Поездка в Вестфалию для коронования подала повод к политической демонстрации, ясно обнаружившей его характер в делах {110} политики. Не прошло еще трех недель его царствования, как последовал другой подобный случай. Курфюрст Майнцский, по участию в наследстве после ландграфа Гессен-Кассельского и графа Ганауского, родственника Бранденбургского дома, объявил неосновательные притязания на некоторые владения в Ганау. Фридрих послал 19 июня к курфюрсту серьезное увещание, прося его оставить свои притязания и не нарушать государственного спокойствия. Вследствие того курфюрст удалился со своими войсками.

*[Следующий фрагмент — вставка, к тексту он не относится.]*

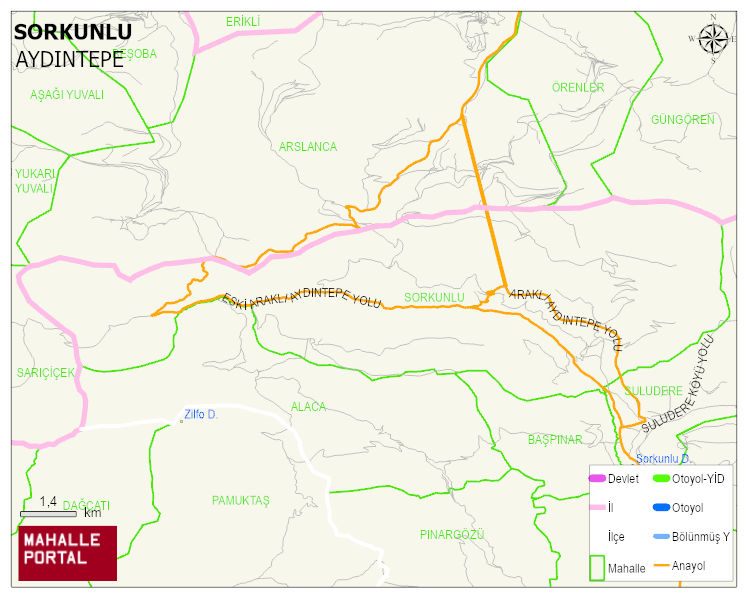 SORKUNLU Köyü Haritası | Dağlar, Ovalar ve Akarsu Bilgileri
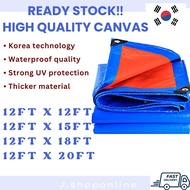 Blue Orange Waterproof Canvas Kanvas Tarpaulin Sheet Canopy Camping Khemah Kereta Lori Pasar malam t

Важнее было второе событие. Пруссия, по наследству, получила во владение княжество Герсталь на Маасе, в округе епископства Литтихского. Герсталь в царствование короля Фридриха-Вильгельма возмутился и был принят под защиту епископом Литтихским, которому сильно хотелось овладеть им совершенно. Фридрих-Вильгельм тщетно старался направить дело на добрый путь. Теперь Герсталь, находившийся все еще под защитой епископа, не хотел присягнуть Фридриху. Фридрих послал из Везеля одного из высших своих сановников к епископу и велел настоятельно потребовать от него определительного объяснения его поступков и объявить ему в то же время о последствиях, которым он может подвергнуться. Епископ не дал объяснения, и 16.000 человек прусского войска вступили в область епископа. Испуганный епископ обратился ко всем соседним владетелям и даже к императору, с просьбой о защите. Император написал к Фридриху письмо, в котором называл поступок его самоуправством и приказывал ему войти с жалобой в имперский сейм. Но Фридрих, зная хорошо, как мало выиграет своей жалобой, оправдывался на бумаге, а войска своего не выводил. Затем епископ прибегнул к переговорам с Фридрихом, и 20 октября последовал договор, по которому Фридрих уступил епископу княжество Герсталь за значительную сумму денег. Вероятно, отдаленность Герсталя от прочих его владений склонила его к уступке.
Так прошли первые пять месяцев царствования Фридриха. Свободная, самостоятельная сила, с которой он за все принимался, была его современникам столь чуждой, необыкновенной, что они не могли объяснить себе всего величия такого явления. Но наступила пора его блестящего поприща, и тогда образ его действий сделался ясным даже и для близорукого глаза.
{111}
ГЛАВА ЧЕТЫРНАДЦАТАЯ
Начало первой Силезской войны
Истинное наслаждение обещала первая осень царствования Фридриха двору и жителям Берлина. Вольтер, по приглашению Фридриха, прибыл в столицу Пруссии. Король мог теперь беседовать с ним с большей свободой, чем при первом беглом свидании.
Кроме Вольтера собралось около Фридриха еще несколько ученых и остроумных людей. Прибыли также в гости обе его сестры маркграфини Байрейтская и Аншпахская. Литературные вечера, концерты, празднества предвещали, по-видимому, длинный ряд удовольствий.